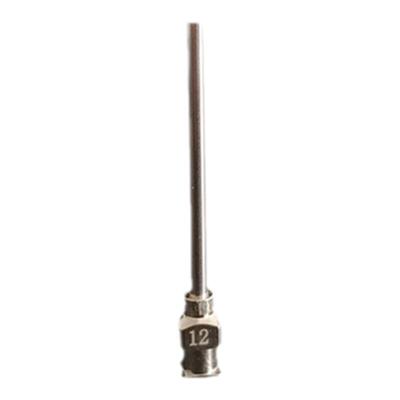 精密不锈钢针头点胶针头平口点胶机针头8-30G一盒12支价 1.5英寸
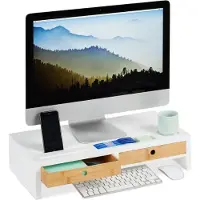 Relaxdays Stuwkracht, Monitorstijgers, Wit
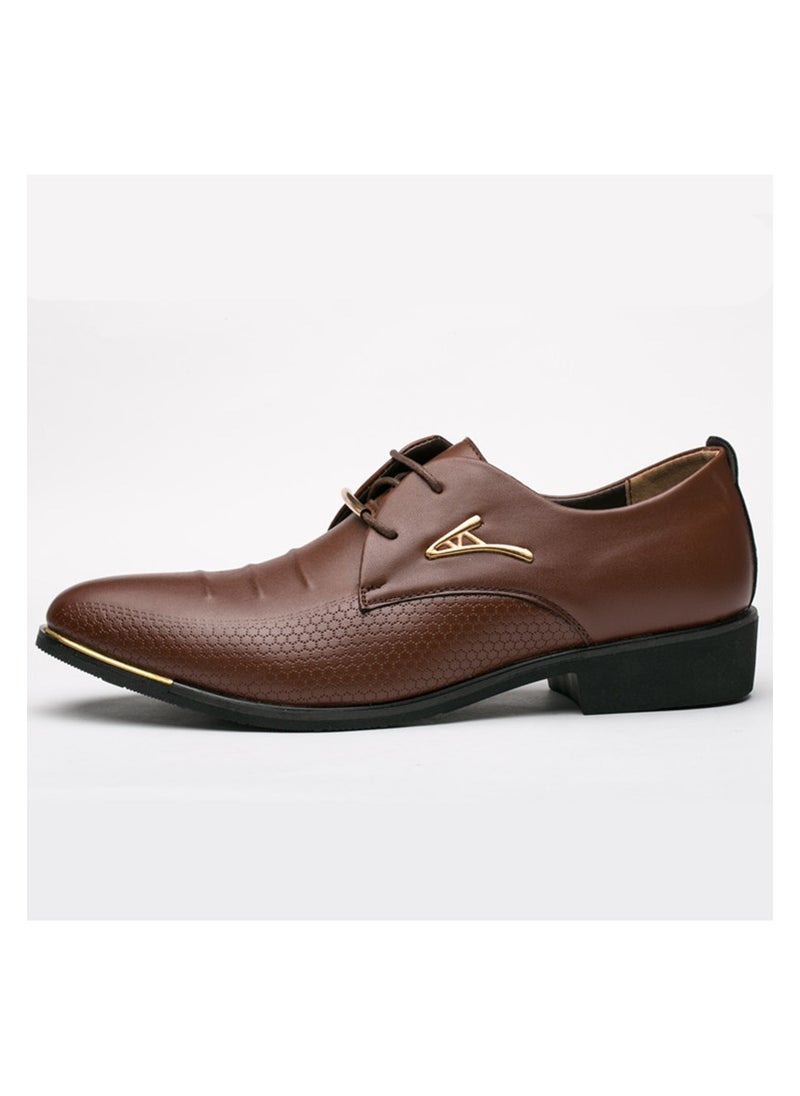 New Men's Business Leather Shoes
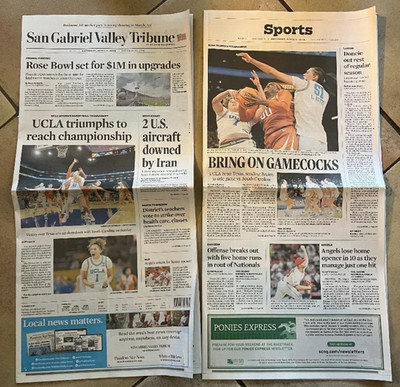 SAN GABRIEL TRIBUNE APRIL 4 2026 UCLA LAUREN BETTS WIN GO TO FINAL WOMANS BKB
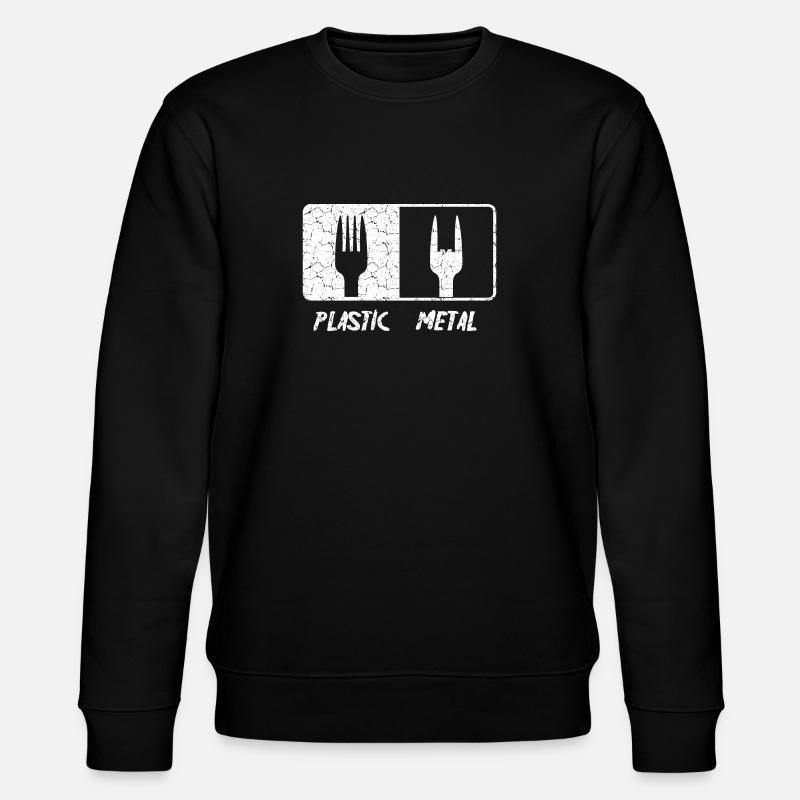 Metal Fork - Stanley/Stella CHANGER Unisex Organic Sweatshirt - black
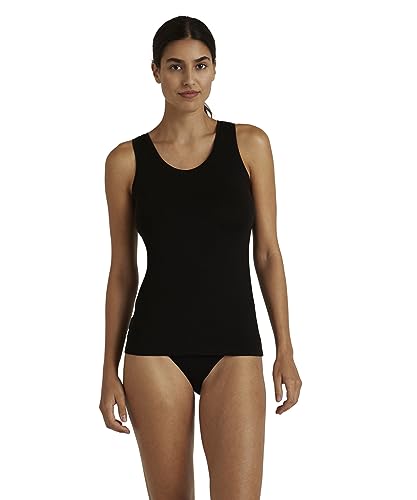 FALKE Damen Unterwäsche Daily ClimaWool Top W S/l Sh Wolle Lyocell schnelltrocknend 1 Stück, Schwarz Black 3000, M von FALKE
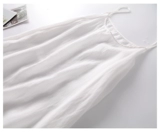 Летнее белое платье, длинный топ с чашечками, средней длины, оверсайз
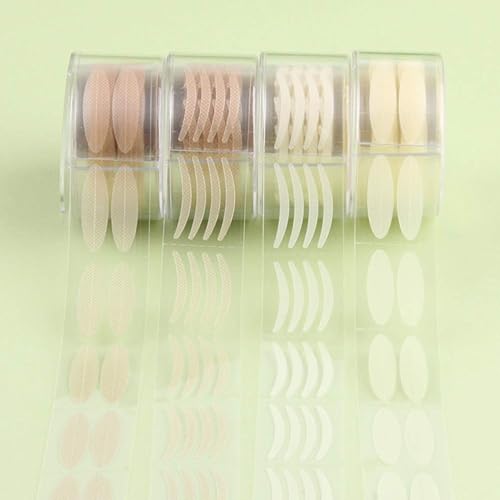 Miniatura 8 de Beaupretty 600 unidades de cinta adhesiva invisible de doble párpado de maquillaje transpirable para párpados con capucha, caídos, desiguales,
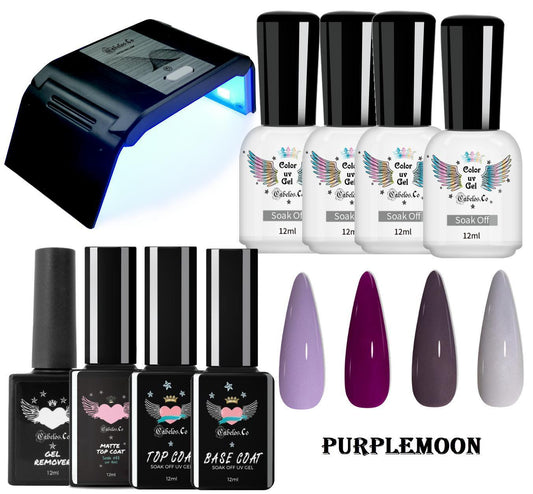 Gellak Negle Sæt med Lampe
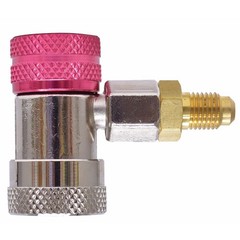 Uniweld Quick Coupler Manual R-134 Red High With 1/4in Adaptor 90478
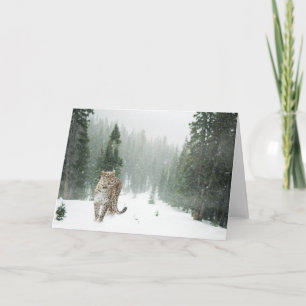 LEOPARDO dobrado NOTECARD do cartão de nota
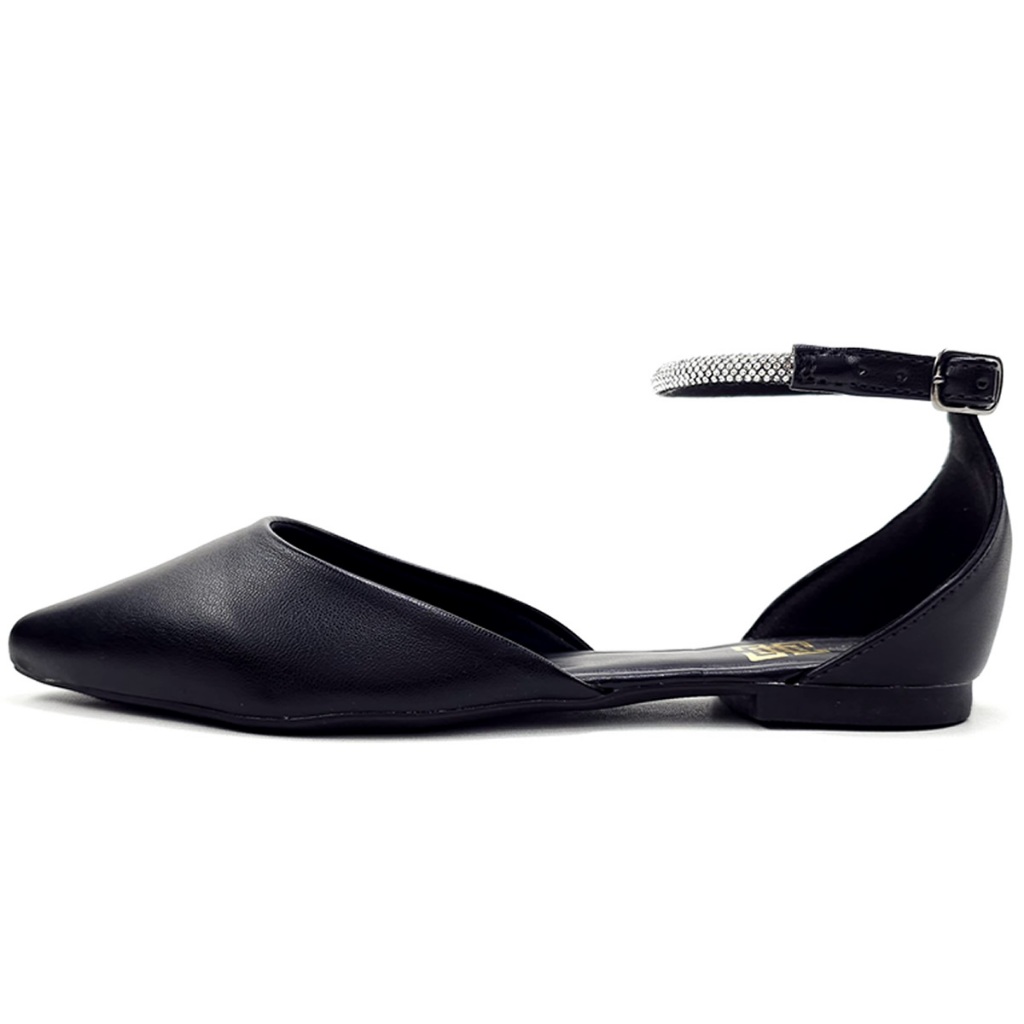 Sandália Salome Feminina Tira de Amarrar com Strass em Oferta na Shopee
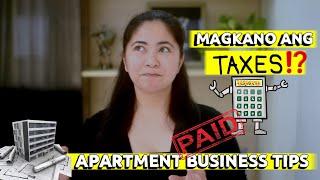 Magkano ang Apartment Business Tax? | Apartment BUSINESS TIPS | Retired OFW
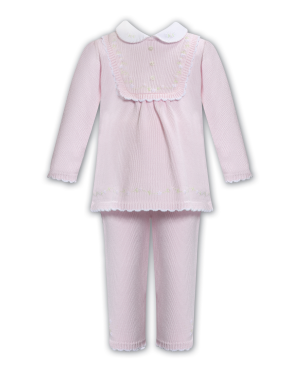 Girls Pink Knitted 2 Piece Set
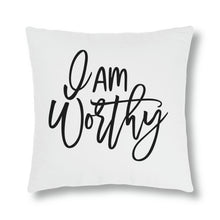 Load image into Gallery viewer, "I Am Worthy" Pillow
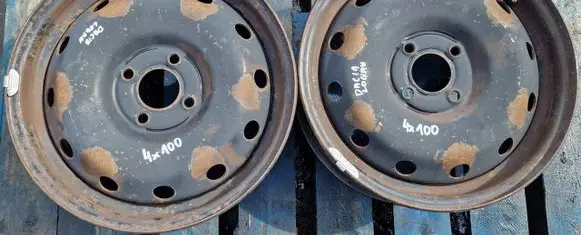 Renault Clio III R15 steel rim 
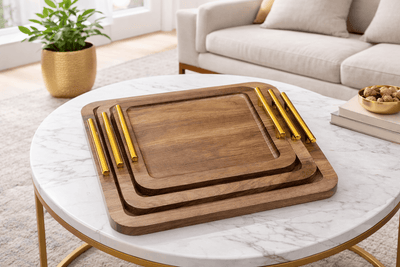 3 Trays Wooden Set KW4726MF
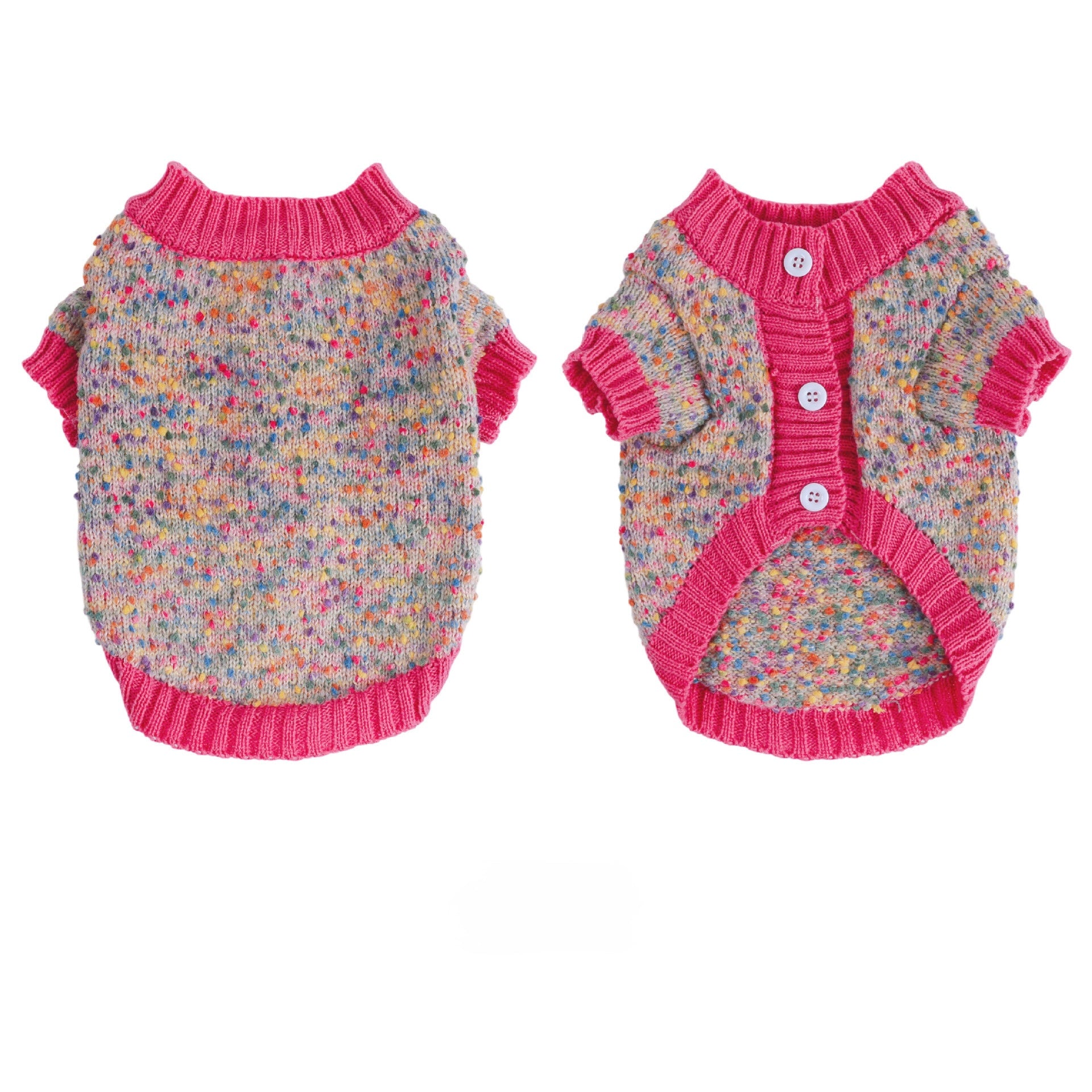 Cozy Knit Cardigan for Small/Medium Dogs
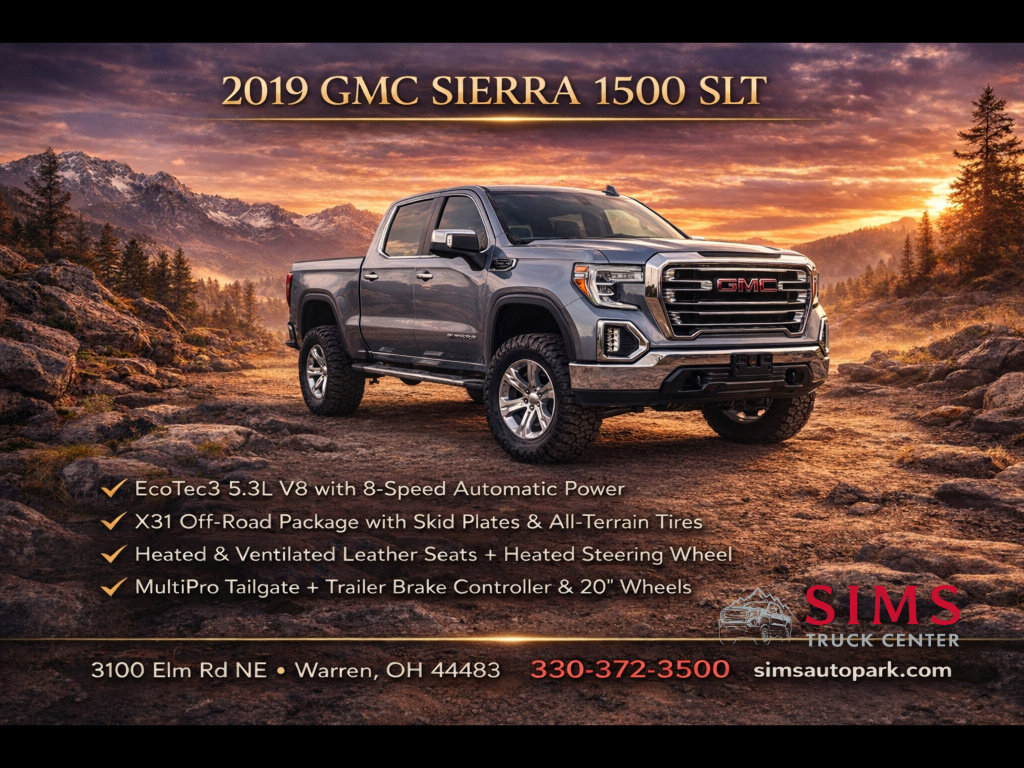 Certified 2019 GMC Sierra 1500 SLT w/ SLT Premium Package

※

Requirement: Once the pictures are set aside, what is needed is the lines from the line with "LEOPARDO dobrado NOTECARD do cartão de nota" through the end of the data, written out exactly and alone.

Written solution:
 LEOPARDO dobrado NOTECARD do cartão de nota
 Sandália Salome Feminina Tira de Amarrar com Strass em Oferta na Shopee
 Magkano ang Apartment Business Tax? | Apartment BUSINESS TIPS | Retired OFW
 Girls Pink Knitted 2 Piece Set
 Load image into Gallery viewer, "I Am Worthy" Pillow
 Renault Clio III R15 steel rim 
 3 Trays Wooden Set KW4726MF
 Cozy Knit Cardigan for Small/Medium Dogs
 Certified 2019 GMC Sierra 1500 SLT w/ SLT Premium Package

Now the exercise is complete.